→ **Goal of the exercise**
With pictures left out, output exactly the lines of the listing below from the line that has "Surt the Flamebringer of Doom" to the line that has "Urban Space Rosetta Table Cover - 2", both lines kept.

→ **Data for review**
▼

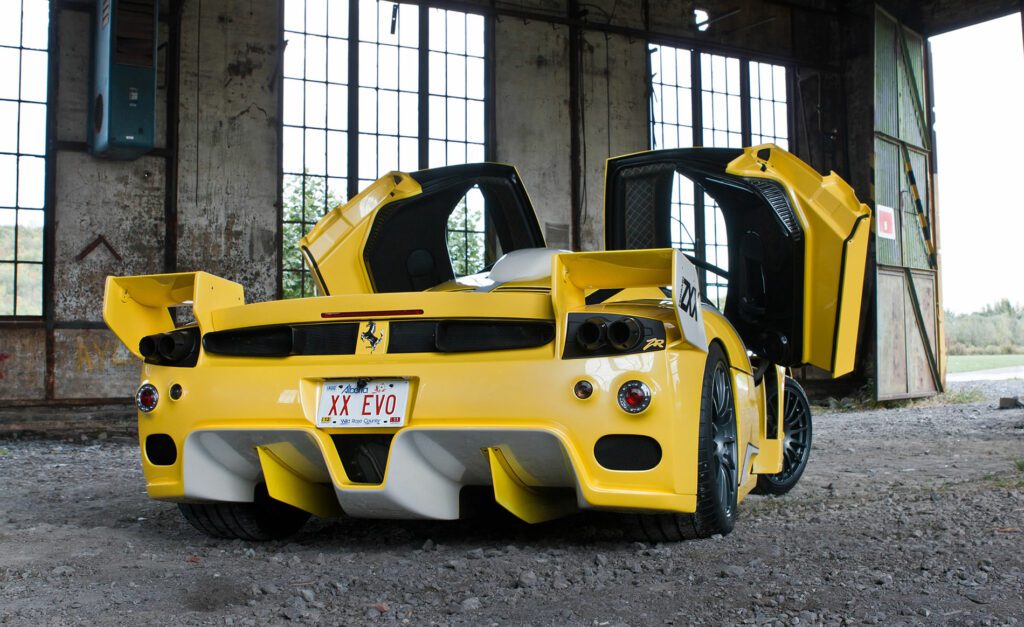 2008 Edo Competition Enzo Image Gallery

▲
▼

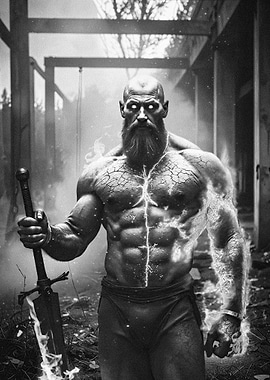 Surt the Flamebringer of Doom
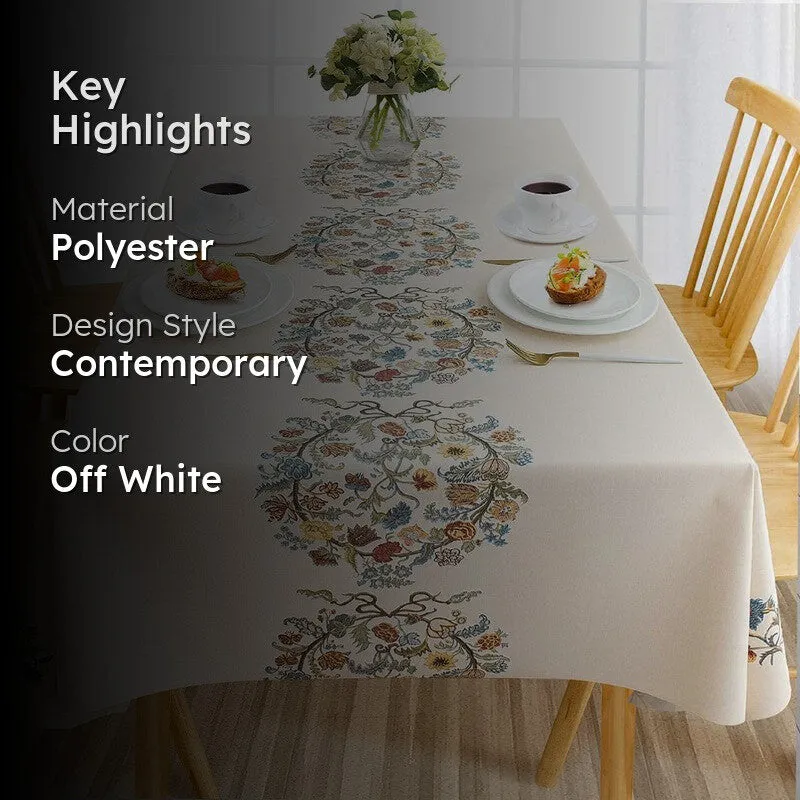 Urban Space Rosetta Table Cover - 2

▲

→ **Result**
 Surt the Flamebringer of Doom
 Urban Space Rosetta Table Cover - 2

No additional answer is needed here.